Maria Cristina, che tutti chiamano Cristina, a quattro anni con suo fratello Marcello
Maria Cristina, che tutti chiamano Cristina, a quattro anni con suo fratello Marcello

Grazie a Maria Cristina Cattabriga, Roma

“Sono una Figlia della lupa di 82 anni. Sono stata allieva della Scuola Ermenegildo Pistelli di Roma – dalla I alla III elementare. Era la scuola Leader Nazionale del Fascismo. Tutti i film Luce sono stati girati lì. Ricordo tutto – anche i dettagli. Avevo pensato di scrivere almeno un libro, come testimonianza prima che fosse troppo tardi, e avevo pensato di intitolarlo proprio ‘Io ero una figlia della lupa’. Sarebbe dovuto essere ironico, amaro. Che errore!”.

“A tavola, con i miei nipotini di 11/12 anni, ho cominciato a raccontare della militarizzazione dei bambini dai 5 anni. Le divise nel Sabato Fascista, il saluto fascista fra i capoclasse, con la fascia tricolore sul braccio, quando marciavano per tre, nei corridoi – ed i due capoclasse in testa, da soli. Il solenne alzabandiera del sabato, e poi il canto degli inni. Beh, catastrofe. I miei nipotini erano ENTUSIASTI. Tutto gli piaceva: la divisa, l’alzabandiera, l’inno. Avrebbero voluto esserci anche loro. Militarizzati”.

“Scrivo a lei, mia ultima testimone, per raccontarle qualche dettaglio del quale non ho mai sentito parlare – ma che agli storici interesserà (gli storici sono sempre interessati anche ai minimi dettagli – per esempio, che la Regina cuciva le camicie per Re Enrico VIII, ed Anna Bolena si arrabbiava moltissimo)”.

“Nel Sabato Fascista, noi bambine dovevamo portare a scuola tutto quello che poteva servire alla Patria. Il metallo, ovvio. Il vetro. Ma, i capelli?
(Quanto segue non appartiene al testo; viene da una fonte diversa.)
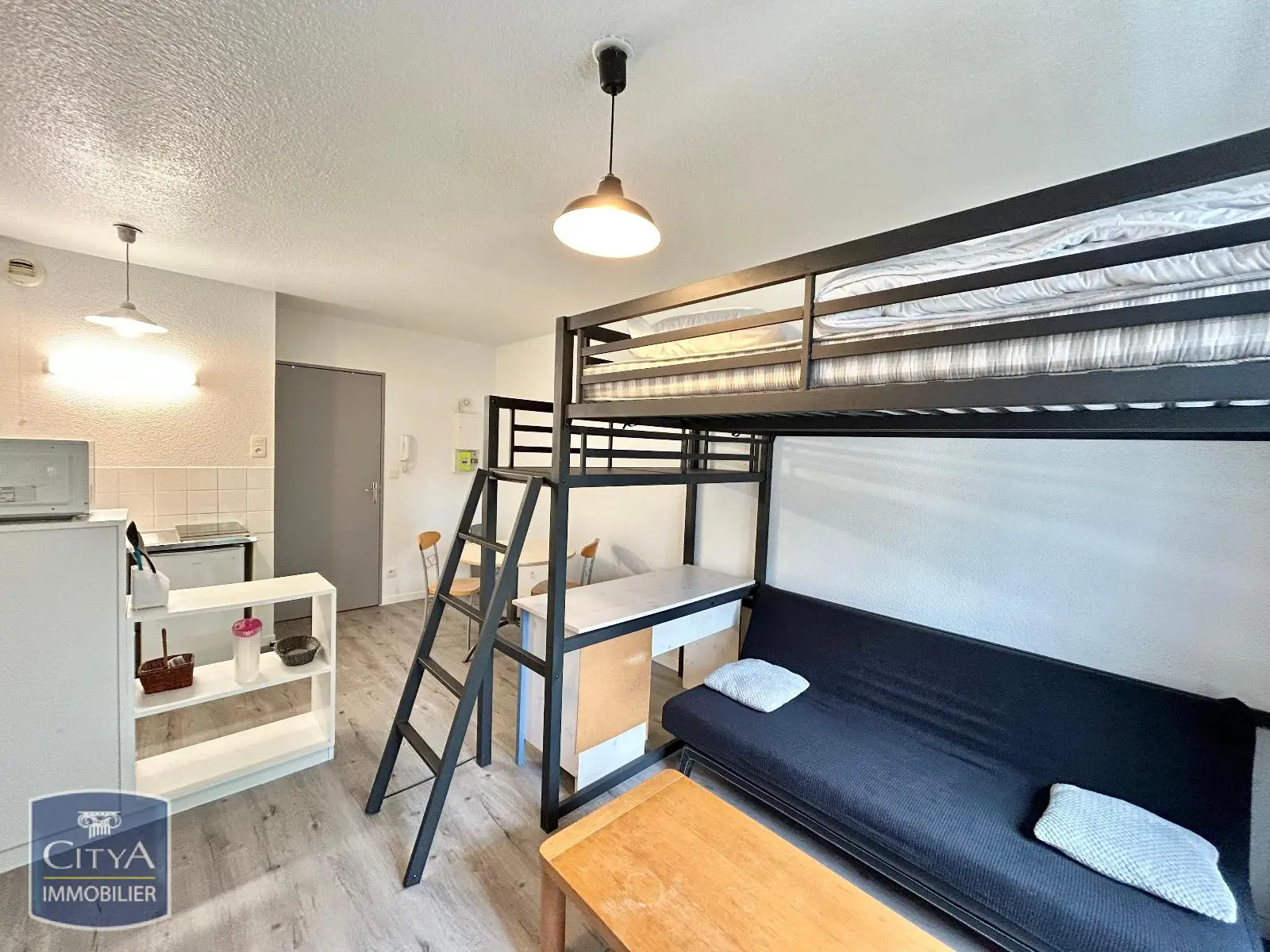 Photo 1 Appartement 1 pièce 23.82m²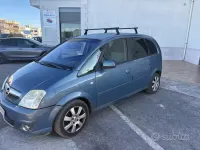 Usata Opel Meriva Cosmo 75 CV (55 kW) 2006 Blu Monovolume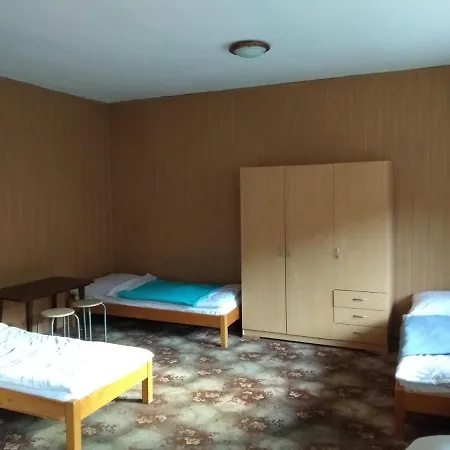 Pokoje Gorska 86 *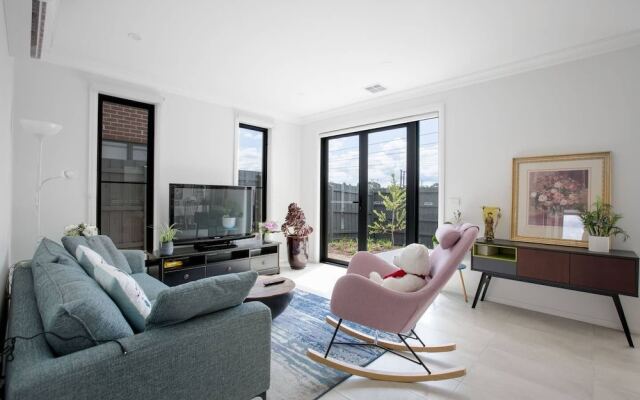 Captivating Large 4br@narre Warren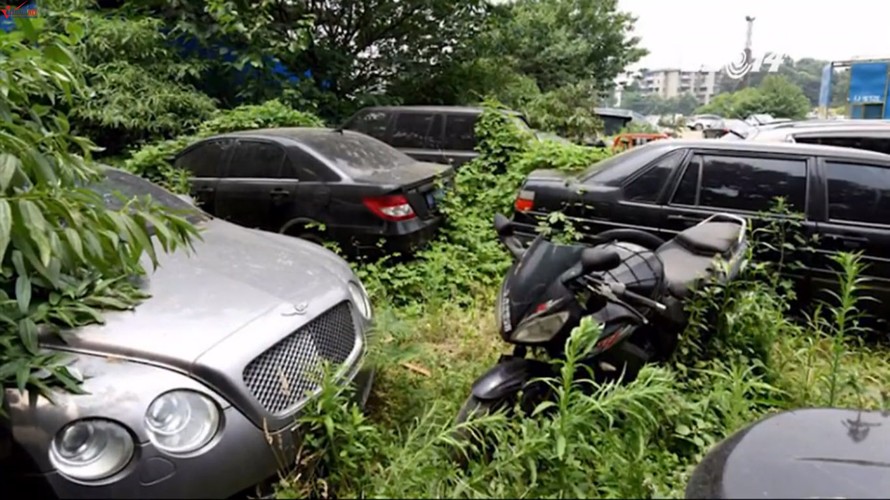 Bí ẩn dàn siêu xe của đại gia Trung Quốc bị bỏ lại trong rừng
Nessuno parla dei capelli. Ci veniva consegnata una lunga busta di carta dove dovevamo mettere tutti i capelli che venivano tagliati ‘in famiglia’. Servivano ‘Per le maglie per i nostri soldati. Autarchia. Si pesava tutto, e ogni settimana si consegnava una medaglia alla bambina aveva portato di più. La imbattibile rivale era Marina F., figlia di un farmacista. Solo una volta riuscii a batterla, quando portai una vaschetta di alluminio per il bagnetto dei neonati. Il mio fratellino era cresciuto! Che trionfo”.
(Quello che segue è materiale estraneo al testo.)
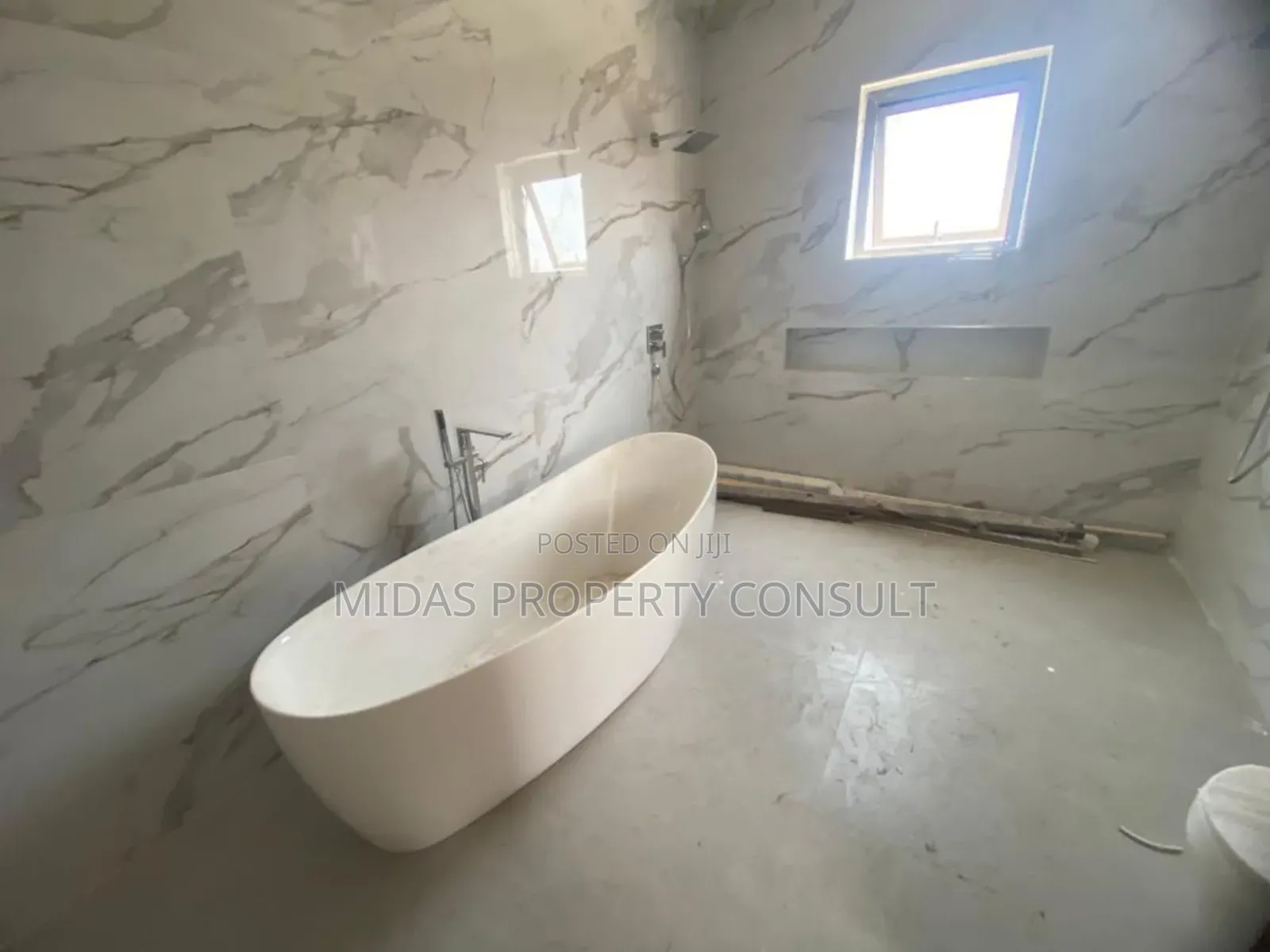 4bdrm House in School Junction, Ashaley Botwe for sale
“C’erano anche dei premi per merito. Il primo premio era il ritratto del Re Imperatore. Il secondo, il ritratto del Duce. Il terzo un depliant a colori con scritte e figure contro le ‘Inique Sanzioni’ – erano raffigurate l’Inghilterra e la Francia, bruttissime e cattivissime, che ci volevano divorare”.

“Si faceva la torta di carote. Non si trovava lo zucchero, ma una mamma si ricordò che le carote contengono zucchero – e così a ogni festa di compleanno c’era sempre la stessa torta. Ci insegnavano molti inni da cantare in coro, li ricordo tutti. Il preferito era ‘I sommergibili’, lo trovavamo avventuroso. La seconda strofa era: ‘Andar – nel vasto mar – ridendo in faccia alla morte e al destino – colpir – e seppellir – ogni nemico che si incontra sul cammino!’. Avevamo 5 anni”.

“Quando ne avevo 7 cambiammo casa, fui iscritta a una scuola di suore, il Cicerone (ora c’è un albergo). Il primo giorno tornai a casa indignata. ‘Mamma, in che scuola mi hai messo? Non si parla mai del Re e del Duce ma solo della Madonna, non ci sono nastri tricolore, ma soprattutto non c’è disciplina!’. Cara Concita, è proprio così che si plagiano gli esseri umani”.